Providence Mayor Jorge Elorza appears determined to serve a single term. How do I know? Just look! He is trying to offend every constituency he can by installing parking meters where they shop. Several neighborhoods on the East Side have successfully resisted – Hope Village north of Rochambeau is one example – at least for now. Thayer Street is the latest victim.

Its merchants have mounted a revolt against the parking meters, advertising a petition against them on the marquee of the Avon Theater. Merchant Kenneth Dulgarian, who owns the Avon with his brother Richard, has written a rousing denunciation of the policy for the Providence Journal’s shrinking oped section: “Parking meters spread economic plague“:

Parking meters have become an economic plague in Providence. Their continuing proliferation is enraging customers, destroying businesses, and undermining City Hall’s repeated boast that the capital city is “open for business.”

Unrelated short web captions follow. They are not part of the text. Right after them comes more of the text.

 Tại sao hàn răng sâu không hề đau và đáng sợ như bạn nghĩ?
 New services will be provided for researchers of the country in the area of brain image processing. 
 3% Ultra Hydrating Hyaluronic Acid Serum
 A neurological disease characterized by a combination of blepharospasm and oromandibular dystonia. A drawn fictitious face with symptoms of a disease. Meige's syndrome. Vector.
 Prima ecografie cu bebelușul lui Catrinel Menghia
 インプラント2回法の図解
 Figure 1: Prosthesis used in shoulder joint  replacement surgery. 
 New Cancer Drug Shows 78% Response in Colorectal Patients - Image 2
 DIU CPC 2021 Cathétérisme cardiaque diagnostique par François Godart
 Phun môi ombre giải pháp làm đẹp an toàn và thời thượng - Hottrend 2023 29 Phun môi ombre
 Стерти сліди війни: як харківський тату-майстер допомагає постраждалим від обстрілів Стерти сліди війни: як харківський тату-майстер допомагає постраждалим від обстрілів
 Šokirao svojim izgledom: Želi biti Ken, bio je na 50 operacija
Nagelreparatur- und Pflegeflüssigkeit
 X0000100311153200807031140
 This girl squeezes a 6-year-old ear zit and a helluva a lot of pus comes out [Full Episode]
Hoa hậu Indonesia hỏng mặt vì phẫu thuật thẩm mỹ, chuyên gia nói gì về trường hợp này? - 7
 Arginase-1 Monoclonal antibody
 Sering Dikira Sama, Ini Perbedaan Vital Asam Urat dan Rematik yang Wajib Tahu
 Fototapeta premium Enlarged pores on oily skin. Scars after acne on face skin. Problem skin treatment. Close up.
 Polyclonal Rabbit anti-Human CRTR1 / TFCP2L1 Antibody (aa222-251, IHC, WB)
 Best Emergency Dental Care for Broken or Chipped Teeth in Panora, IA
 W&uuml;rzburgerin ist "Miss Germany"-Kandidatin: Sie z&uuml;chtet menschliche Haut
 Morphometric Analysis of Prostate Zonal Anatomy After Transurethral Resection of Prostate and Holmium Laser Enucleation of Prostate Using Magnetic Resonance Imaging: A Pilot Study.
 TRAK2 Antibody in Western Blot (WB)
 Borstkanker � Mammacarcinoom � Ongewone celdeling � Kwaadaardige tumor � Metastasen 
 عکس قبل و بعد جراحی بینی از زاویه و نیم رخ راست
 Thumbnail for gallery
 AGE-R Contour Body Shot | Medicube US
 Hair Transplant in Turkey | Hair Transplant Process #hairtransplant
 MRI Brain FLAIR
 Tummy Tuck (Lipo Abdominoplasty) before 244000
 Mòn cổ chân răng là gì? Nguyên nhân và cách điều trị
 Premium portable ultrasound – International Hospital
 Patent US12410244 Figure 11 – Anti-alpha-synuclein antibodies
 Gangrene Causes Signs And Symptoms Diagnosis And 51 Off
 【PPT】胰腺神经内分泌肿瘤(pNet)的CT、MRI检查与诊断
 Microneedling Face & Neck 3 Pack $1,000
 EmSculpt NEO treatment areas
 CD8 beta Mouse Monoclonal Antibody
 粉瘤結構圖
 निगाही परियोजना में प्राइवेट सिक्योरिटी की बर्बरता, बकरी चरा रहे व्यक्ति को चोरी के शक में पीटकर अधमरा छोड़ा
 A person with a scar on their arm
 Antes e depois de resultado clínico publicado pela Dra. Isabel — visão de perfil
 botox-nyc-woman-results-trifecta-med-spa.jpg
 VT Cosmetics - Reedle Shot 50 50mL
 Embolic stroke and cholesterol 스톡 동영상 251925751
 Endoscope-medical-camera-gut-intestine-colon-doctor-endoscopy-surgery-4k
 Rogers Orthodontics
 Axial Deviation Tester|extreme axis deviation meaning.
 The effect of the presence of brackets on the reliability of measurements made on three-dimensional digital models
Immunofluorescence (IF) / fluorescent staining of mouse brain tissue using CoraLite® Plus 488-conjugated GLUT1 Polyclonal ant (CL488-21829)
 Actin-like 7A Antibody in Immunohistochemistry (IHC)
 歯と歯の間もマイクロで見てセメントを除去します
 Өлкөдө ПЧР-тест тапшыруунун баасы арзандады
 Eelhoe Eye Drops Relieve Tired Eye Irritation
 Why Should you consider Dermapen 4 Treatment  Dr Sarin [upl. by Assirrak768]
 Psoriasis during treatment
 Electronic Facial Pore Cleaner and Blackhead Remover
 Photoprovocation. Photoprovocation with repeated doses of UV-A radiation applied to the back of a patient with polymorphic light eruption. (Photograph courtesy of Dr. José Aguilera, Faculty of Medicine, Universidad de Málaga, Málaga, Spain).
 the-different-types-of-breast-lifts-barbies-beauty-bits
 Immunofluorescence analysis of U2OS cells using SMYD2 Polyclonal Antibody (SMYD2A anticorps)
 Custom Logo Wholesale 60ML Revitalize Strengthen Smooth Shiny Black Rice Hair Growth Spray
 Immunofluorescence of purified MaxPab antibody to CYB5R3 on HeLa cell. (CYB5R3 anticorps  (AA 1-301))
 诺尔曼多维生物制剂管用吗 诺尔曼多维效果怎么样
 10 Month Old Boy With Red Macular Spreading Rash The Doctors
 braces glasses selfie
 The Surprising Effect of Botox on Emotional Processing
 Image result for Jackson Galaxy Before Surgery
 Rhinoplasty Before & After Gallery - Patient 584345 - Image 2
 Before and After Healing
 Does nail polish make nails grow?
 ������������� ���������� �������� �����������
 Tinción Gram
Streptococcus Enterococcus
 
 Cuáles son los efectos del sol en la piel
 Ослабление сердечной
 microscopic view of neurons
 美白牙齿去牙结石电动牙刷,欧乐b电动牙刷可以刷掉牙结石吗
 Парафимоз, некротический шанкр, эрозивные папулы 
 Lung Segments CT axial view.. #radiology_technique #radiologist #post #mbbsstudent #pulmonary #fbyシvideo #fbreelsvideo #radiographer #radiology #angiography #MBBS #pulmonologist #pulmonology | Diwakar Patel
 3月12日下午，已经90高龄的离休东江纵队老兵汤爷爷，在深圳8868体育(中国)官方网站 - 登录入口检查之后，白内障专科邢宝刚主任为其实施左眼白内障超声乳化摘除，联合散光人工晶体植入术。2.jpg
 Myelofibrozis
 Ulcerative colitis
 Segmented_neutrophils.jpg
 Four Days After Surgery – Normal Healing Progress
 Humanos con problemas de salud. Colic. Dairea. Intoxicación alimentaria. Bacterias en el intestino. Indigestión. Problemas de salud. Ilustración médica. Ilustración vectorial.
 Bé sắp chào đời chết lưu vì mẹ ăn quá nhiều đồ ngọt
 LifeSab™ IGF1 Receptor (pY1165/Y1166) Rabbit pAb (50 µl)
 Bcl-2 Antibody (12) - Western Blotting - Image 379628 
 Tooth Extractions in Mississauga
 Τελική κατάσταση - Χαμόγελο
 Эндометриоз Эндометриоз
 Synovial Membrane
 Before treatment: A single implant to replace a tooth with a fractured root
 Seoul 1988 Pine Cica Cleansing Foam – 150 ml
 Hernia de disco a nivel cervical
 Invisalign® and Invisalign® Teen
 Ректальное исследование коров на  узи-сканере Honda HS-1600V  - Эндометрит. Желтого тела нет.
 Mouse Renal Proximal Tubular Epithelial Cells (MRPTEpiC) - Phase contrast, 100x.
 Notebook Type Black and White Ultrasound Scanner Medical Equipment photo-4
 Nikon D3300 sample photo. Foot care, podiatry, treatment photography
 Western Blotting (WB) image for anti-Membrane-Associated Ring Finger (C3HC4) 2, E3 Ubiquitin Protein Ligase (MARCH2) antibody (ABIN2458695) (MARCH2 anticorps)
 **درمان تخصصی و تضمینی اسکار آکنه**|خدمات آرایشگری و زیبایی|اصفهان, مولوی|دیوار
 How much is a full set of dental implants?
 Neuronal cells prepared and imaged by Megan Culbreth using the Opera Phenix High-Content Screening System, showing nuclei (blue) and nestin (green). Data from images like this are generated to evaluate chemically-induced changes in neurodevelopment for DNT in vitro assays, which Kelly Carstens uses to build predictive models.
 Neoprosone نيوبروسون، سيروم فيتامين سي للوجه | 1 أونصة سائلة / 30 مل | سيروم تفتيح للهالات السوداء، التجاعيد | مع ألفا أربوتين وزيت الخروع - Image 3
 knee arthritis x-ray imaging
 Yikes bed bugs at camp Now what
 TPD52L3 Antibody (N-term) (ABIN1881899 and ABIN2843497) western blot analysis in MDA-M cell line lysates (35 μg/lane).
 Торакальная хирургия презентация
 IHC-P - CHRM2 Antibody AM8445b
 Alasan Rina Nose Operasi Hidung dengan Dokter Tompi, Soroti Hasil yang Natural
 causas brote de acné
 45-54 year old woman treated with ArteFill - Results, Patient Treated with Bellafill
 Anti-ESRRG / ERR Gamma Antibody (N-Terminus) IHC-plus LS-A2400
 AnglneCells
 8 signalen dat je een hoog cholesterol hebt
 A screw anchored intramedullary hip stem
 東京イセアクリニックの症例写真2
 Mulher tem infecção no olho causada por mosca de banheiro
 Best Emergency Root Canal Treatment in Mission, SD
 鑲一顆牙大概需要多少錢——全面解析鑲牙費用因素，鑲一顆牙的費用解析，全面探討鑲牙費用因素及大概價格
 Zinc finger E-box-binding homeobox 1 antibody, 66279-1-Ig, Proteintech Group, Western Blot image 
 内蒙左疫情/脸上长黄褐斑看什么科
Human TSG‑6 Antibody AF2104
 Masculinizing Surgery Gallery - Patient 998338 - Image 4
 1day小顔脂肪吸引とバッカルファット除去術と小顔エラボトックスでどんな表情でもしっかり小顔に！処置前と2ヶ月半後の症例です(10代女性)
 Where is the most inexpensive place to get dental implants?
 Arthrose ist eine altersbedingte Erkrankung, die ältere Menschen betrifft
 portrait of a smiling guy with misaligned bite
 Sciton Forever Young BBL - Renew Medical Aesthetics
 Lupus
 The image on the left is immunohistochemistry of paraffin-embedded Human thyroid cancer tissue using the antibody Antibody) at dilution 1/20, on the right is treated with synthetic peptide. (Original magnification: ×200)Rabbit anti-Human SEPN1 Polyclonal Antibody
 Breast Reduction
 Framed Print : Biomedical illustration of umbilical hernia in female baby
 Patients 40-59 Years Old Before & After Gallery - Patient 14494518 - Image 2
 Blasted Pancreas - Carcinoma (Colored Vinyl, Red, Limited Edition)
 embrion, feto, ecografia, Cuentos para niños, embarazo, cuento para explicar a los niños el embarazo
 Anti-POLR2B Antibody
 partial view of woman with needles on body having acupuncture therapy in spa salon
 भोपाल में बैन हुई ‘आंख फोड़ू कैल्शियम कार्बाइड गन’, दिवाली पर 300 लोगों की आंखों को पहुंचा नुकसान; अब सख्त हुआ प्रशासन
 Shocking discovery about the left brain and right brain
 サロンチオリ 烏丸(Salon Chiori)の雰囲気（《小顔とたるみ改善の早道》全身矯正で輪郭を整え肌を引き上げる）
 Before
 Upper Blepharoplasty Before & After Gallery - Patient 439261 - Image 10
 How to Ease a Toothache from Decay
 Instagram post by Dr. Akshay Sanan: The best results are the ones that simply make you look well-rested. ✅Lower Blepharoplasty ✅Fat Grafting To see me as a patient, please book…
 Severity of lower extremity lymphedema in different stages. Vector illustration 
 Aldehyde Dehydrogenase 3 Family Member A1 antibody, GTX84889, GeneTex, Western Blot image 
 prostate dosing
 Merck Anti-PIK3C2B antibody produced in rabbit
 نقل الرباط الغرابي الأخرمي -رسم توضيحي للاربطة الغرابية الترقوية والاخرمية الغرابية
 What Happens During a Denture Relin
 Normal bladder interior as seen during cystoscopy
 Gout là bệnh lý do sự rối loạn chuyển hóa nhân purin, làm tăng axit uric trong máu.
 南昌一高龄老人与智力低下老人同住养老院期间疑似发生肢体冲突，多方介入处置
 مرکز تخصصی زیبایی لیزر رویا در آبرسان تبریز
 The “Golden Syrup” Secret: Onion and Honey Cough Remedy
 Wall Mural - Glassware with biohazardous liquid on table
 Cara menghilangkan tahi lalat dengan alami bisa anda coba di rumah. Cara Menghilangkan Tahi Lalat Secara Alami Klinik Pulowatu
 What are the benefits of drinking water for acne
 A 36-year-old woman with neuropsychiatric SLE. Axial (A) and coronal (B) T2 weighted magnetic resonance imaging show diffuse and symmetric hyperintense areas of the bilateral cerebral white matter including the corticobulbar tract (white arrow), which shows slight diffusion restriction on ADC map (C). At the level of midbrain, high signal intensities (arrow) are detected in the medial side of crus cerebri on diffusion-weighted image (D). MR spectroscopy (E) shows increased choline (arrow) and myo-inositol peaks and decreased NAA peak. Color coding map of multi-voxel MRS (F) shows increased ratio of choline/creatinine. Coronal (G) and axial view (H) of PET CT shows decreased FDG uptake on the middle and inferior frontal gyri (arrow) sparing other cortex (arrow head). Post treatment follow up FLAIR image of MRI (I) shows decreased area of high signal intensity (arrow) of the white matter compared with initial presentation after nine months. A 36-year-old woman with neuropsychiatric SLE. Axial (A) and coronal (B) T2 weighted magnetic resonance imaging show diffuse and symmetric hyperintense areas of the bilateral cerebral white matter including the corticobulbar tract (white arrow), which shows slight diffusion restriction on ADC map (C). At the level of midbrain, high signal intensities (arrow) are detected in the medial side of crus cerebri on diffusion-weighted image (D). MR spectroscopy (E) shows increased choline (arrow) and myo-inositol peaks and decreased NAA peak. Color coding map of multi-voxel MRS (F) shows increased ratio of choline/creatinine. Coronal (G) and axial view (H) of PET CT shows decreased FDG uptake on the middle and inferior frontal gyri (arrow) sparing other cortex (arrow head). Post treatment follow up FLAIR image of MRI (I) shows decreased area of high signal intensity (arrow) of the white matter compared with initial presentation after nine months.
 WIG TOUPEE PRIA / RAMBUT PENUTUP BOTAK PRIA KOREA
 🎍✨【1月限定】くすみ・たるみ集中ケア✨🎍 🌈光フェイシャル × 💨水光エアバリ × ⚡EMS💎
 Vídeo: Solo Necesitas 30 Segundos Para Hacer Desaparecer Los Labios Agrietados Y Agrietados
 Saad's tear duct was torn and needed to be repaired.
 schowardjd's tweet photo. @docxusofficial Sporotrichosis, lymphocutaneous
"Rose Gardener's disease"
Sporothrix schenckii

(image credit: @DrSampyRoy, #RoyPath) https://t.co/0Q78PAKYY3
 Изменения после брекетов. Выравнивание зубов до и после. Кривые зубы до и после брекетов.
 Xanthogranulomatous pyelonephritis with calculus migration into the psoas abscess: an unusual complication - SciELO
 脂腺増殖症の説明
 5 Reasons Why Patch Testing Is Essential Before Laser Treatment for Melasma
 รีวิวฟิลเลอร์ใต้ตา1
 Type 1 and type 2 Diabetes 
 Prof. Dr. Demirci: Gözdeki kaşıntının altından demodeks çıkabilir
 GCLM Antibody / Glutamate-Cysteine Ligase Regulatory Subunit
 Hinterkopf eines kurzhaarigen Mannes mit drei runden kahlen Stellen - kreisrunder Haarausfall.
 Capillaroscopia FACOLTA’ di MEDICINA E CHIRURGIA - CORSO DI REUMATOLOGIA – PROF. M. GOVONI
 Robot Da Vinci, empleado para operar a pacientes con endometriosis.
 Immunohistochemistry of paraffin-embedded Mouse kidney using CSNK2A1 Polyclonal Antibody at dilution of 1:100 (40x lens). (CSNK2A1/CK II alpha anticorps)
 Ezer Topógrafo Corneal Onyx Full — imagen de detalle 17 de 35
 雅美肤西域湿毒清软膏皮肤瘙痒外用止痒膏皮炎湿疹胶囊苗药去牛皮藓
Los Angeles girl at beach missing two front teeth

He goes on to question the idea that parking meters will help solve the city’s budget deficit. The meters are costly to install, break down frequently, are thus costly to maintain, and require more employees to fix them and keep them operational. Now that I no longer live downtown I drive a lot (I used to take the bus to work, but the bus service is not reliable enough to use it for chores or occasional meetings) and am often able to find a spot whose meter is broken or still has time left on it. Perhaps it is just broken, and that was the time left stuck on it – free parking for those lucky enough to find it.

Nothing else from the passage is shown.